Teranyar, Mark Rute kembali meminta maaf pada 19 Desember 2022 kemarin.
"Terakhir permintaan maaf soal perbudakan yang terjadi kurang lebih 250 tahun," kata dia.
Menurut Bonny, dengan adanya permintaan maaf dari pemerintah Belanda membuktikan bahwa perbudakan yang mereka lakukan terhadap bangsa Indonesia nyata adanya. Hal itu dibuktikan dari adanya daerah-daerah seperti Kampung Bali hingga Kampung Makassar.
"Mereka didatangkan dari daerah-daerah oleh kompeni untuk jadi budak dalam membangun Batavia," kata dia.
Dengan adanya permintaan maaf dari Belanda, menurut Bonny sejatinya pemerintah bersikap. Setidaknya pemerintah Indonesia bisa meminta pengakuan kepada Belanda bahwa Indonesia merdeka sejak 17 Agustus 1945.
"Menurut saya soal hubungan dengan Belanda ini harus klir, karena sebelum tahun 1949 Belanda tak mengakui eksistensi Indonesia, sementara kita 17 Agustus 1945 menyatakan telah merdeka. Menurut saya pemerintah mungkin harus klir mengirim pesan ke Belanda, apa yang kita mau," kata dia.
Bukan Khusus untuk Indonesia?
Menurut anggota DPR Fraksi PDIP TB Hasanuddin, pihaknya sudah berkoordinasi dengan Kementerian Luar Negeri RI (Kemlu RI) terkait permintaan maaf Belanda kali ini. Menurutnya, Kemlu tak melihat permintaan tersebut disampaikan secara khusus untuk Indonesia.
"Saya sudah berbicata dengan Staf Kemenlu, bahwa pernyataan Perdana Menteri Belanda tidak secara khusus menyebut Indonesia dalam tulisan yang berbahasa Inggris maupun Belanda, ternyata untuk negara Karibia, sehingga Kemenlu dan Komisi I sepakat itu untuk kepentingan politik dalam negeri Mark Rute itu," kata dia.
Menurut Hasanuddin, pemerintah Indonesia tak bisa sembarangan merespons pernyataan dari pemerintah Belanda. Dia menyebut pemerintah akan merespons jika permintaan maaf dilakukan secara langsung dan khusus.

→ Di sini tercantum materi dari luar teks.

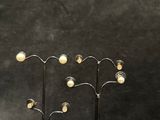 pair of metal and glass candle holders with pearls on each of them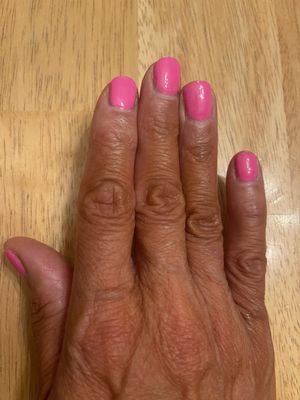 Manicure with gaps at base of nail. Polish wasn't applied close enough to the cuticle.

"Kita boleh merespons kalau memang Belanda mengirimkan secara resmi surat pernyataan tersebut," kata dia.
Advertisement
Kaitannya dengan Kapitalisme
Diskusi terkait ini ditutup oleh Direktur Megawati Institute Arif Budimanta. Menurut dia, memang tidak ada yang menyangkal pemerintah Belanda pernah berada di Indonesia. Motifnya yakni ekonomi.
"Kapitalisme kan mencari keuntungan terus menerus, jadi kalau mencari keuntungan yang diperlukan adalah ekspansi terus menerus, baik pasar maupun sumberdaya," kata dia.

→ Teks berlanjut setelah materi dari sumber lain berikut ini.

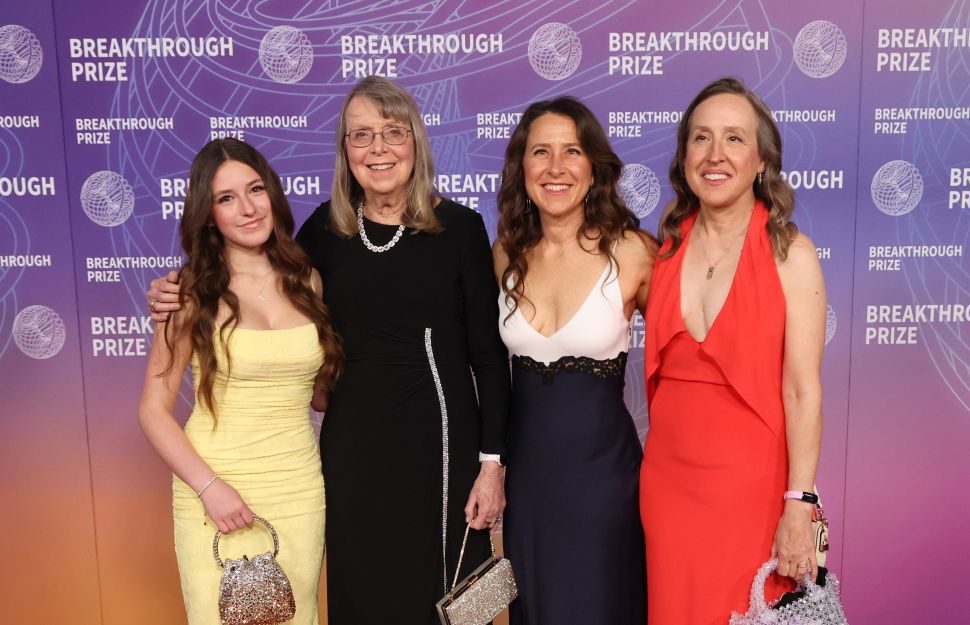 Four women in evening gowns posing for a photo.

Dia menyebut, kapitalisme digerakkan untuk mencari keuntungan atau laba. Menurut dia, keberadaan Belanda di Indonesia yang bermotif ekonomi ini sempat dipaparkan oleh Sukarno alias Bung Karno dalam pleidoinya yang berjudul Indonesia Menggugat.
"Tidak ada yg menyangkal namanya kerajaan Belanda pernah ada di bumi Indonesia, motif utama, ya ekonomi, ini kemudian yang dikritik Bung Karno dalam pleidoinya yang disampaikan di Bandung," kata Arif.
Menurut Arif, pleidoi yang disampaikan Bung Karno jelas memperlihatkan keadaan Bangsa Indonesia saat itu.
"Pidato Bung Karno yang khususnya menggambarkan keadaan Rakyat Indonesia di dalam pleidoi Indonesia Menggugat. Yang menggambarkan bahwa kemerdekaan didapatkan dengan merebut, kemerdekaan dibangun atas dasar keasadaran adanya kesengsaraan sistem kapitalisme yang hanya mengejar laba semata," kata dia.